Mahkemece, tecavüzlü durumun, 2981/3290 sayılı yasanın hatalı uygulamasından veya hatalı ölçülendirilmesinden kaynaklandığı gerekçesiyle davanın reddine karar verilmiştir.
Dosya içeriği ve toplanan delillerden; çekişme konusu 48 ada 25 parsel sayılı taşınmazın kayden davacıya, 48 ada 24 parsel sayılı taşınmazın ise davalıların mirasbırakanı ...."a ait olduğu, davalılara ait binanın davacı taşınmazına tecavüzlü olduğu, eldeki dosyada alınan bilirkişi raporunda ve ... Belediyesi tarafından gönderilen yazıda; tecavüzün imar uygulamasında yapılan ölçüm ve işlem hatasından kaynaklandığının belirtildiği görülmektedir.
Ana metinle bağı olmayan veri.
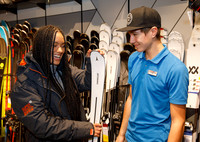 THEMENBILD, Wirtschaft, Ski-Verkauf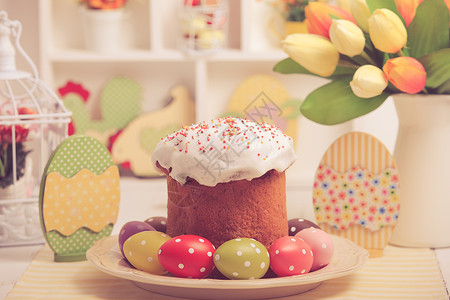 复活节蛋糕,桌上鸡蛋复活节装饰品复活节装饰蛋糕图片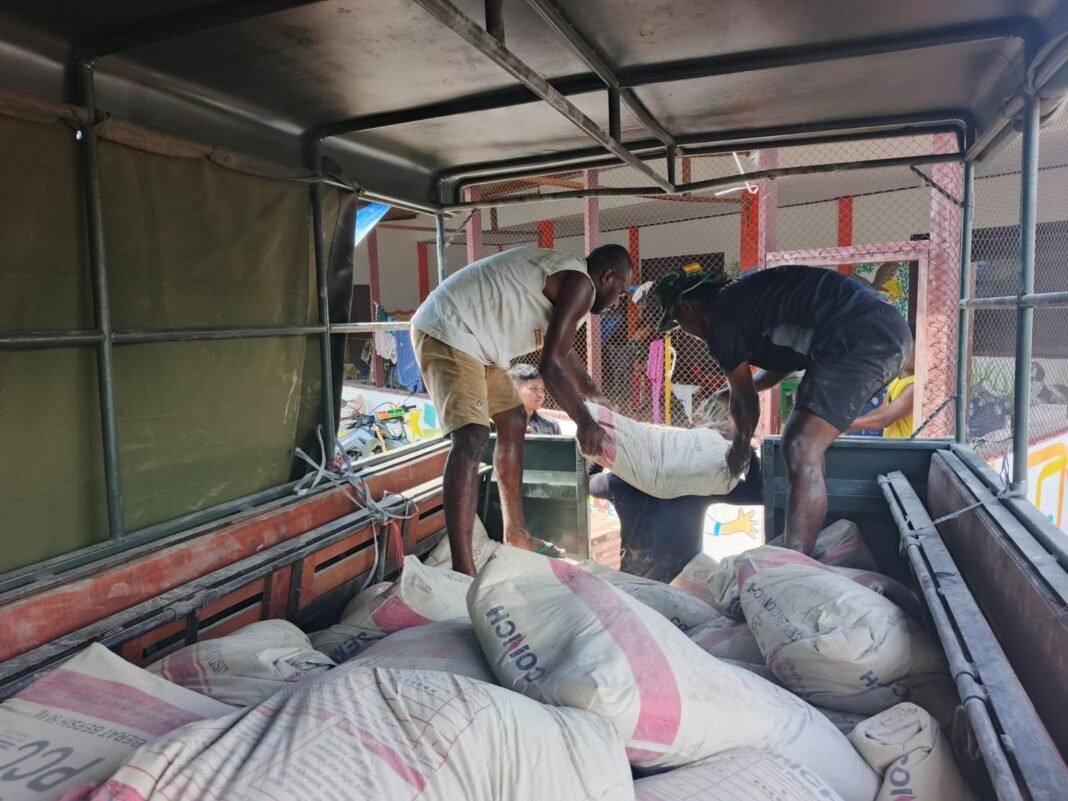 Partisipasi Aktif Warga Tanah Rubuh dalam TMMD
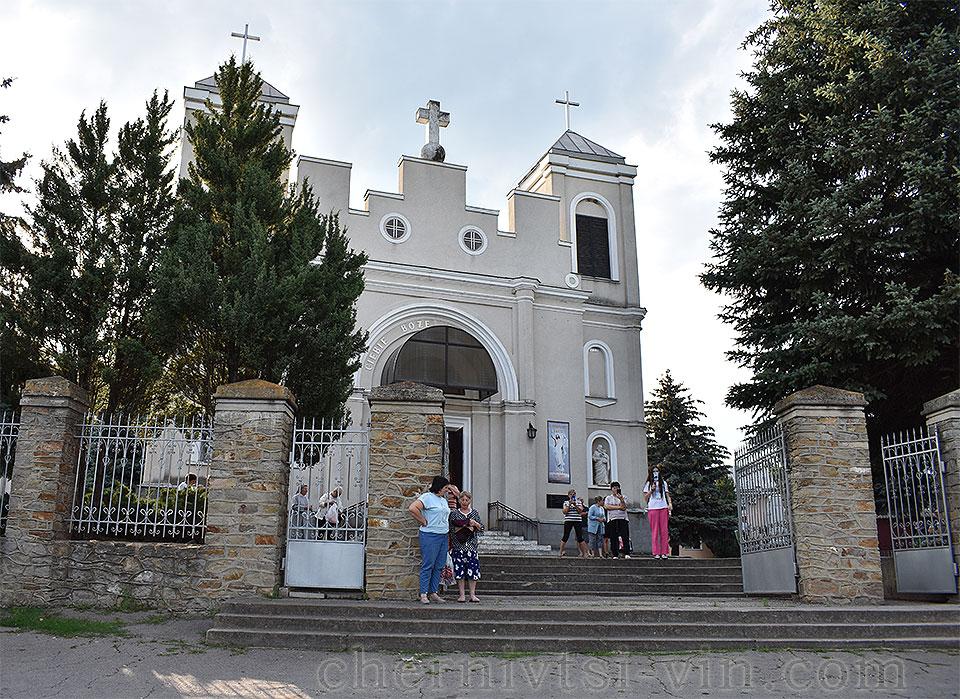костел святого Миколая в смт Чернівці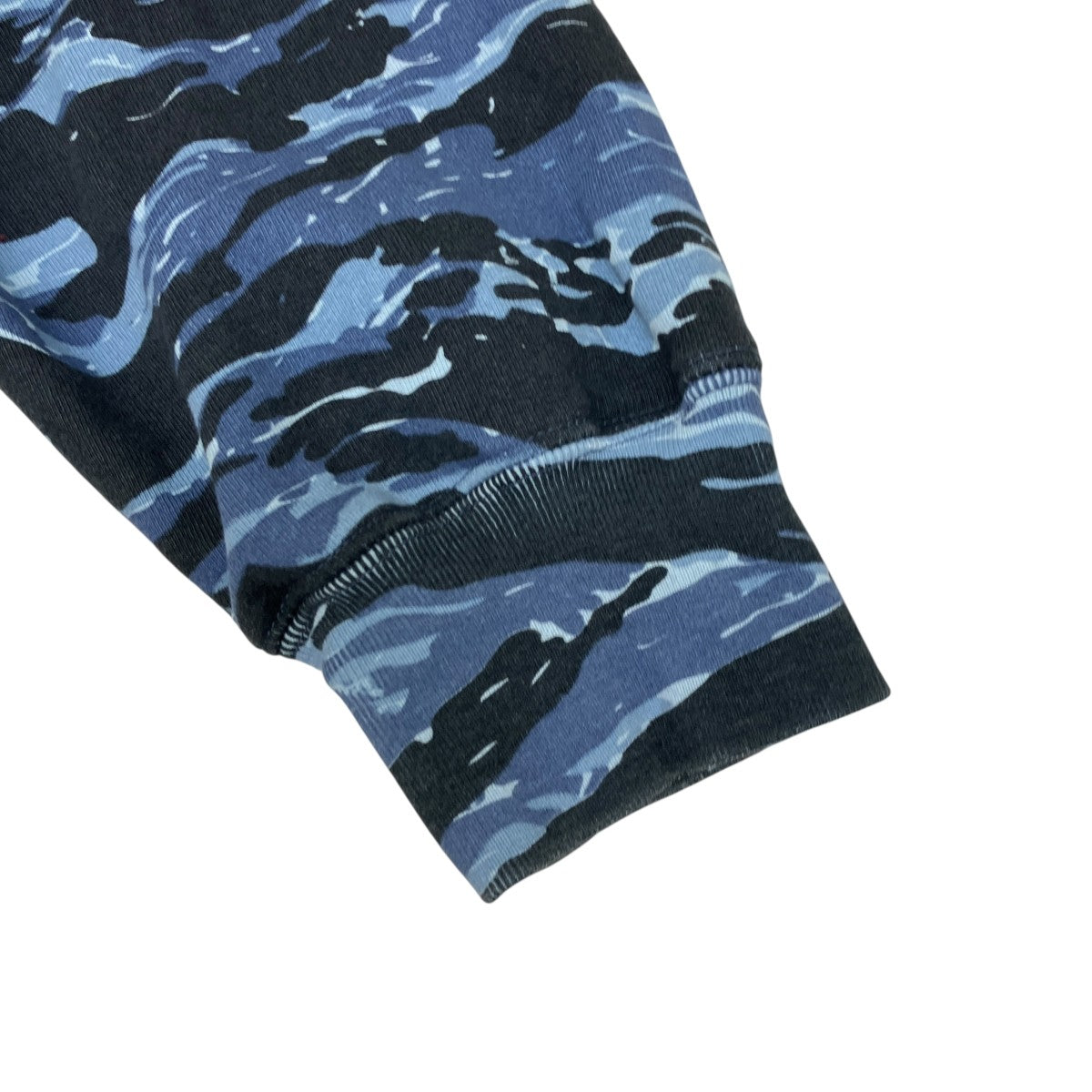 Supreme 24AWSMALLBOX HOODED SWEATSHIRTカモフラスウェットパーカー 古着・中古-6枚目のアイテム画像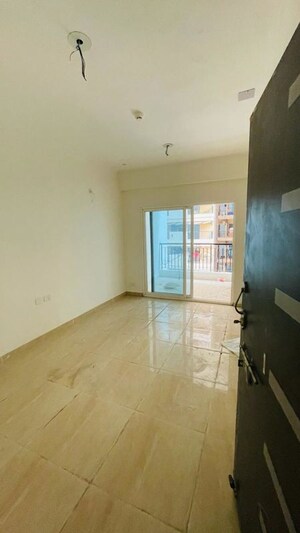 Room in 3 BHK Apartment at AWHO Township Gurjinder Vihar, Omega Ii Greater Noida – for Sale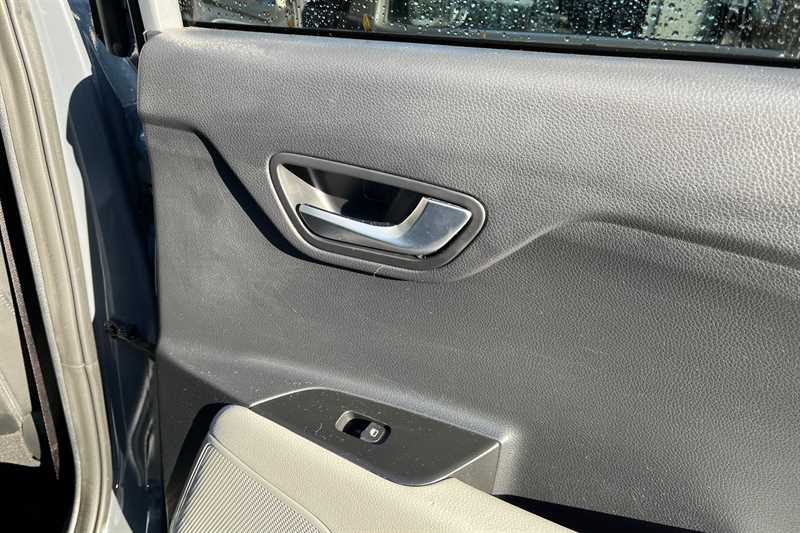 Used Kia Stonic 2023 for sale - 78059786: Photo 35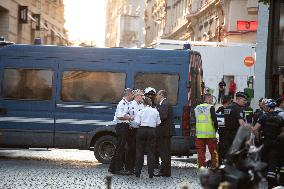 Police Officer Injured In Knife Attack - Paris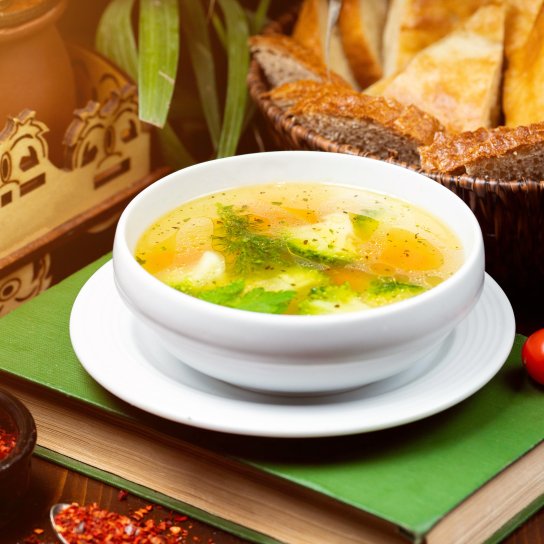 Курячий суп з локшиною і броколі рецепт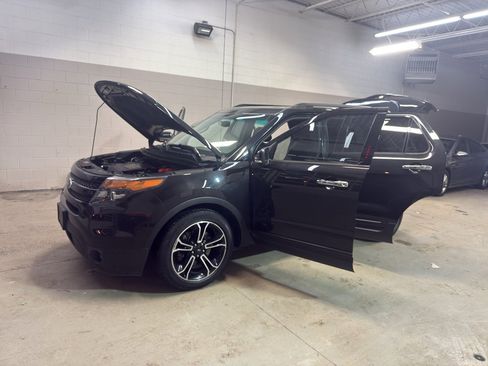 Used 2014 Ford Explorer Sport w/ Equipment Group 401A image 9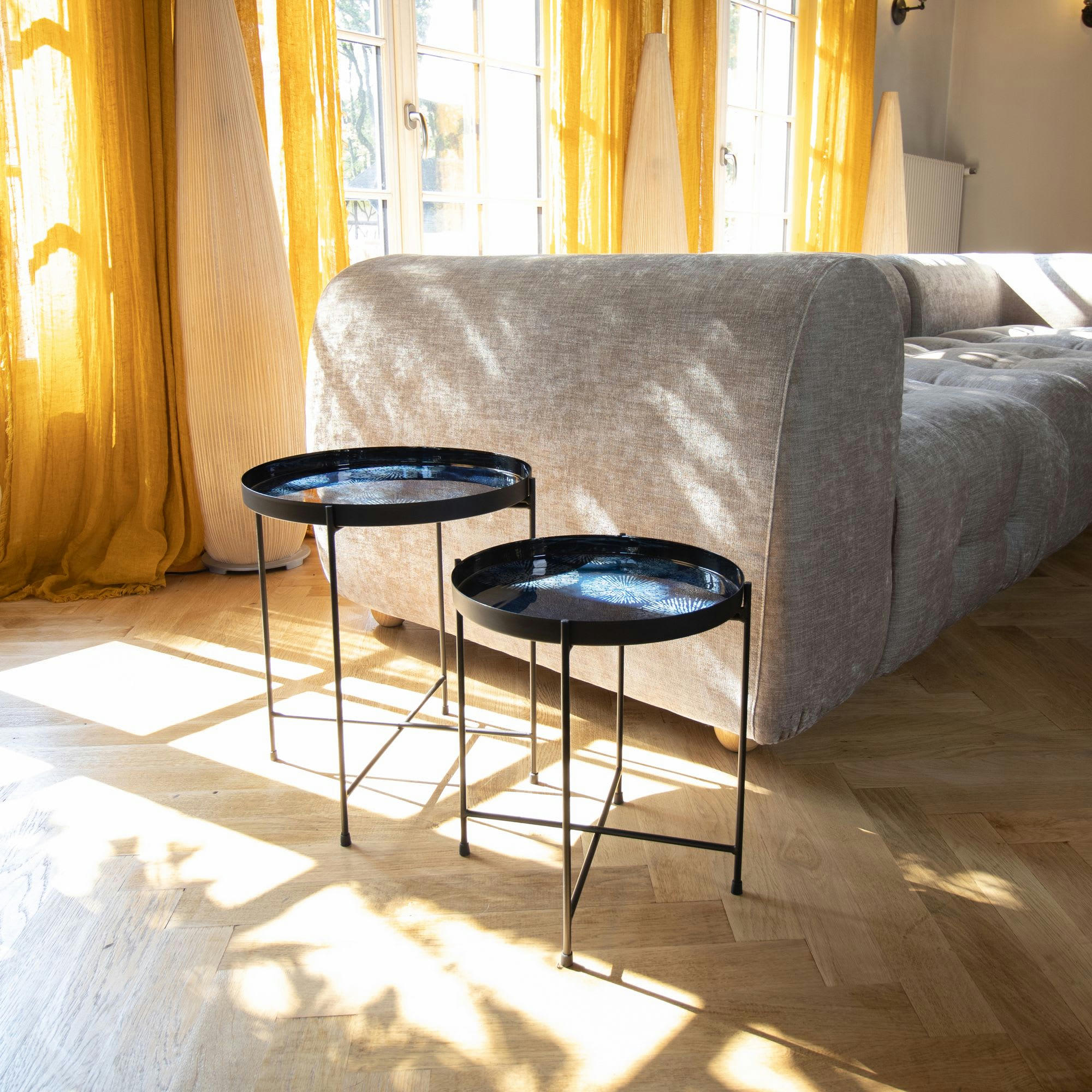 GELA - Set de 2 tables d'appoint avec plateau émaillé bleu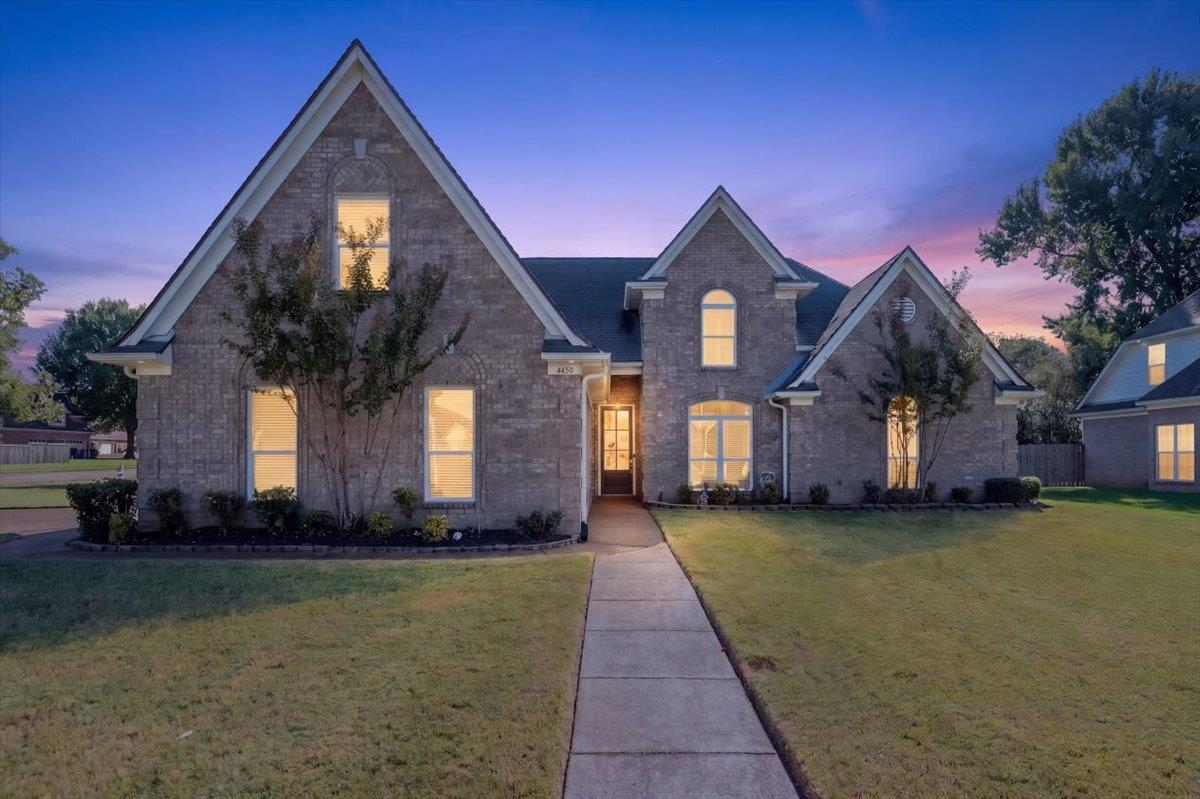 4450 Guinevere Ln Property Photo 1
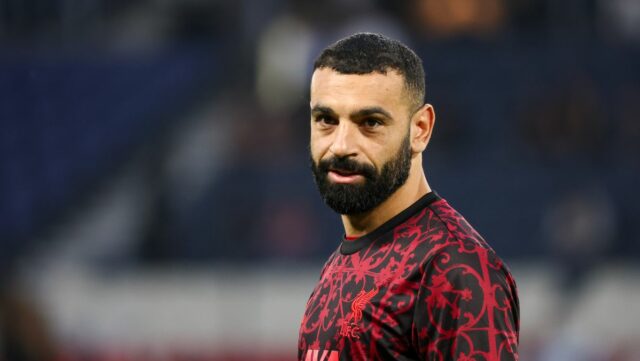 Liverpool zvažuje 33 miliónov libier hviezdy Premier League, ktorá by Yankuba Minteh oslavuje gól Brightonu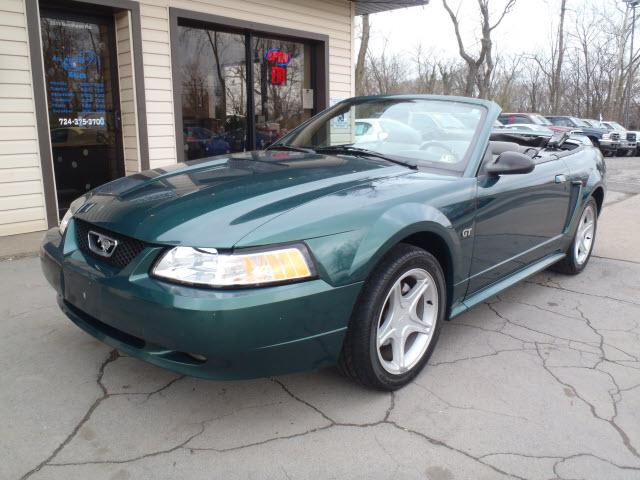 Photo of 2000 Ford Mustang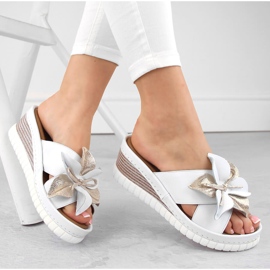 Comfortable women's leather wedge slippers with a flower, white Artiker 54C0537 1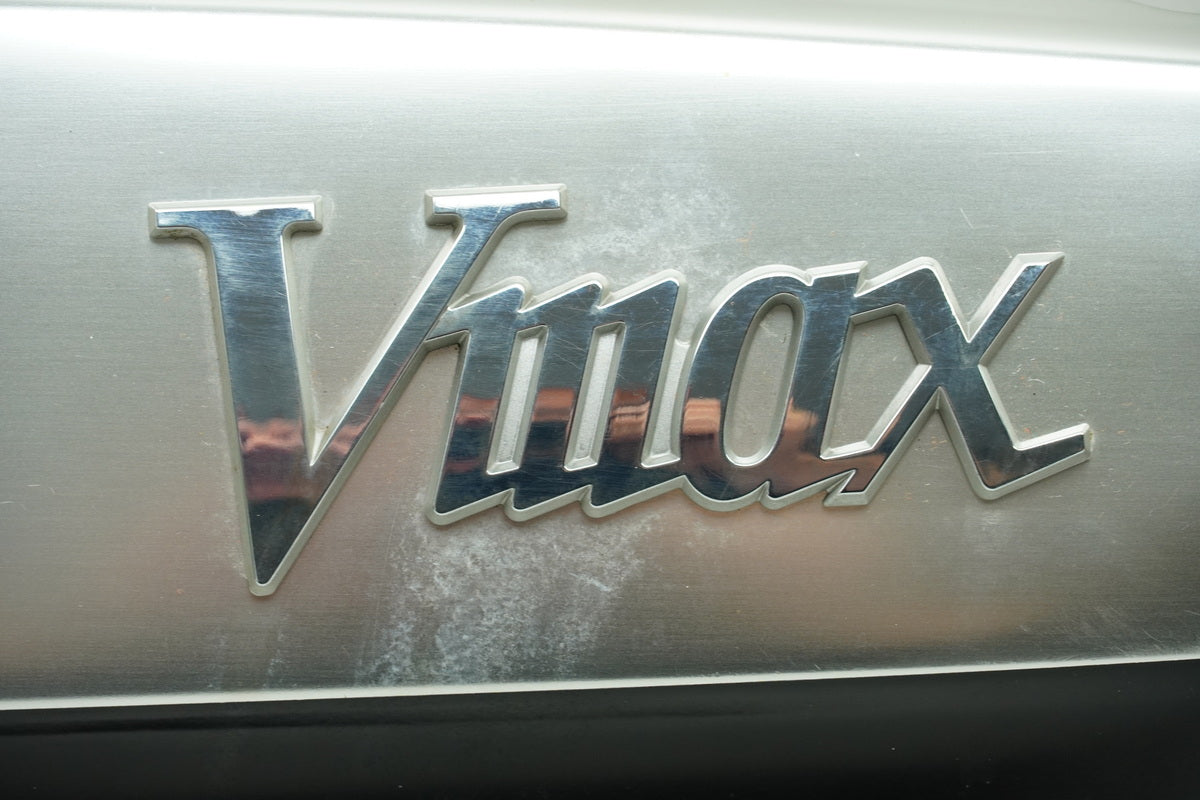 YAMAHA VMX-12 VMAX 1200 2WE Seitendeckel links Abdeckung Cover Blende Deckel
Ne var ki; “çap iptale kadar geçerlidir” kuralı gereğince, iptal edilene kadar kaydına itibar edileceği kuşkusuzdur.
Bilindiği üzere; yasal ayrıcalıkların dışında ayrılmaz parçanın (mütemmim cüz"ün) mülkiyeti ve buna bağlı olarak tasarruf hakkı üzerinde bulunduğu arza bağlıdır. Bu husus 4721 sayılı Türk Medeni Kanununun (TMK) 684. maddesinde açıkca vurgulanmıştır. Ne var ki, yürürlükten kalkmış olan 6785 sayılı yasanın l605 sayılı yasa ile değişik 42/c ve halen yürürlükte bulunan 3l94 sayılı imar yasasının l8. maddelerinde özel hükümler getirilmek suretiyle ayrılmaz parça (mütemmim cüz) olan yapı ile arz arasındaki hukuki ilişki kesilmiş bazı durumlarda yapı, üzerinde bulunduğu yerin malikinden başkasına bırakılarak imar parsellerinin oluşturulabileceği öngörülmüştür. Böylece yapıların bedelleri ilgili parsel sahiplerince yapı sahibine ödenmediği veya aralarında bu yönde bir anlaşma yapılmadığı yada ortaklığın giderilmesi davası açılmadığı sürece bu yapıların ömürlerini dolduruncaya kadar eski sahiplerine kullanma imkanı sağlanmıştır.
Öte yandan, zeminin maliki olan kişinin taşınmazı bizzat kullanma yetkisi sınırlanmış, ayrılmaz parça (mütemmim cüz) durumunda olan yapı üzerinde tasarruf etme gücü özel yasa ile kısıtlanmıştır.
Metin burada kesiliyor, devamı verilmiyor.